Can I use this technique to expand MACRO(a,b,c,…) into something like F(a,b,c…); G(a,b,c…)?

  • viega 3 hours ago

    That's just:

    ``` #define MACRO(...) F(__VA_ARGS__); G(__VA_ARGS__) ```

    The technique in the article is more often used to type check the individual parameters, or wrap a function call around them individually, etc.

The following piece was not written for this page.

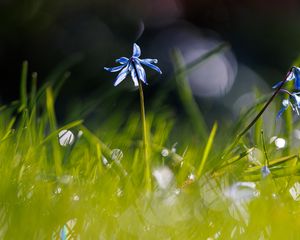 Превью обои сцилла, цветок, лепестки, размытие, макро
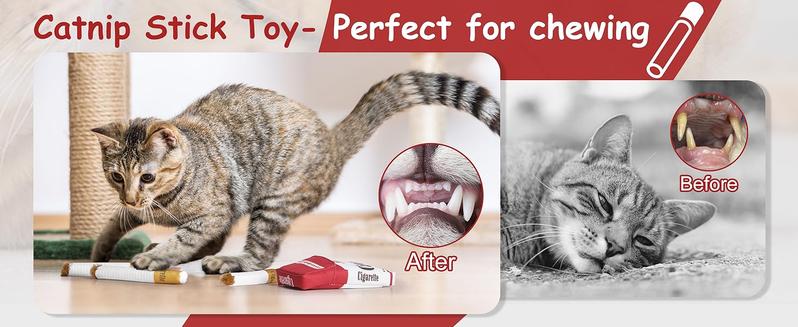 Nocciola 3 Pack Catnip Toys for Cats, Funny Cat Toys Filled with 100% Pure Organic Catnip, Safe Kitten Teething Chew and Kicker Toys, Stress Relieving Fun for Indoor Cats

    • hyperhello 3 hours ago

      Ok. How about into F(a,”a”);F(b,”b”);etc.

      The problem being automating enums and their names in one call. Like MACRO(a,b,c) and getting a map from a to “a”.

      • viega 3 hours ago

        100%, that's definitely easy to do once you understand the technique.

        • hyperhello 3 hours ago

          Please?

          • viega 2 hours ago

            I'm on my phone, but if you start with the top 8 lines in the code box under the ascii art, you'll get an implementation of `H4X0R_MAP()`; the bottom two lines are an example, and you can just write yourself a body that produces one term. Only thing you need to know beyond that is the stringify operator.

          • viega 2 hours ago

            And I should say, if you want to apply the same transformation to arguments twice, but call F() separately from G() per your starting example, you'd just apply your map twice in your top-level macro.

            • WalterBright 2 hours ago

              > if you want to apply the same transformation to arguments twice, but call F() > separately from G() per your starting example, you'd just apply your map twice in your top-level macro

              My brain just blew a fuse.

WalterBright 2 hours ago

Imagine trying to implement the C preprocessor. I had to write it from scratch 3 times before it worked 100%.

  • viega 2 hours ago

    Wow, you are a braver person than I. Well done.